Uma das coisas que mais me surpreenderam na viagem foi uma visita a um museu da guerra Irã-Iraque (1980-1988), uma das mais brutais registradas na História.
Ah, àquela altura Saddam Hussein era o darling do Ocidente. O mocinho. O satanás era o aiatolá Khomeini.
Saddam foi usado pelo Ocidente para "punir" a revolução xiita.
Ele quase perdeu a guerra incitada pelos aliados ocidentais.
Washington teve de compartilhar inteligência com Saddam para que ele reagisse eficazmente às ondas gigantescas de infantaria do Irã.
Saddam usou armas químicas contra os iranianos -- e não houve uma lágrima sequer derramada na TV.
Saddam podia tudo, era amigo do Ocidente.
Visitando o museu em Bagdá, quando Saddam já era o demônio da vez, eu fiquei surpreso com a magnitude da construção.
Era um dos vários abrigos anti-aéreos que o Saddam mandou construir, coisa de primeiro mundo.
Toda a tecnologia ele havia comprado... da Alemanha. Mísseis Exocet ele comprara da França e utilizou contra a marinha do Irã.
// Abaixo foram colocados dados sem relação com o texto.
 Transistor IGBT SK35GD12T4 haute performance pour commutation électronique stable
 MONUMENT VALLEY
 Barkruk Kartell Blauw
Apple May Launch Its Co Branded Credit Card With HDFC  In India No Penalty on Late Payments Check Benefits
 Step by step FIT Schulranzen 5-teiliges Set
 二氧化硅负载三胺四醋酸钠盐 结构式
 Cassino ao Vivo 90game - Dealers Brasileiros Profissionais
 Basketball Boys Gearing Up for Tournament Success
Bilhões foram torrados com armas dos Estados Unidos.
Eu fiquei mais impressionado com os equipamentos vindos da Alemanha -- elevadores Siemens -- do que com o míssil não detonado, lançado pelo Irã, que estava encravado no topo do abrigo transformado em museu.
Fast forward para quando Saddam decidiu invadir o Kuwait.
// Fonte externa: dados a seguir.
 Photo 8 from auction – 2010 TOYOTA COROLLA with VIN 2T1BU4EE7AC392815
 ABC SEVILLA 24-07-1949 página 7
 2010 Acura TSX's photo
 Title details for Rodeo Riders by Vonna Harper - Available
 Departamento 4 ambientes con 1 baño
Ele reuniu-se com o embaixador dos Estados Unidos no Iraque e considerou ter recebido luz verde para avançar.
É algo que jamais confirmaremos, mas uma das suposições é que Bush pai, o presidente dos EUA então, precisava de uma guerra para ganhar antes de tentar a reeleição.
Teria preparado uma armadilha para o Saddam.
Invadido o Kuwait, Bush pai tinha afinal sua guerra para provar que não era wimp, fracote, um adjetivo que acompanhou toda sua carreira política, especialmente tendo sido indicado e eleito pelo antecessor, o caubói Ronald Reagan.
Bush expulsou Saddam do Kuwait, mas nem assim conquistou a reeleição.
Dois aspectos eu gostaria de destacar aqui.
Primeiro, é que o Ocidente usa títeres à vontade e depois os descarta sem dó. Foi assim com Manuel Noriega, Saddam, Osama bin Laden, o Goni (da Bolívía) e o autoproclamado da Venezuela.
Segundo é o potencial que isso tem para o blowback, a bomba que você arma e explode em sua cara, o efeito bumerangue -- como se viu no caso do bin Laden.
Termino recomendando a trilogia do Chalmers Johnson sobre o conceito do blowback, que narra as dezenas de vezes em que isso aconteceu na política externa de Washington.
Não sei se os livros foram traduzidos para o português, mas aproveito a ocasião para recomendar também a produção do ex-inspetor de armas das Nações Unidas, Scott Ritter, que lá atrás já denunciava que as armas de destruição em massa do Iraque eram uma farsa montada pelos neocons para que Bush filho vingasse o pai e invadisse o Iraque.
Ah, não imaginem que os neocons deixaram o poder com a saída do Bush filho. Não, eles atuam nos bastidores, no Pentágono e em institutos (think-tanks) e ainda são muito influentes na política externa dos Estados Unidos, especialmente em círculos democratas.
O trabalho seminal dos neocons continua sendo uma Bíblia: Project for An American Century, o século que está em andamento -- e não é preciso dizer que se baseia no conceito de cercar a Rússia e a China.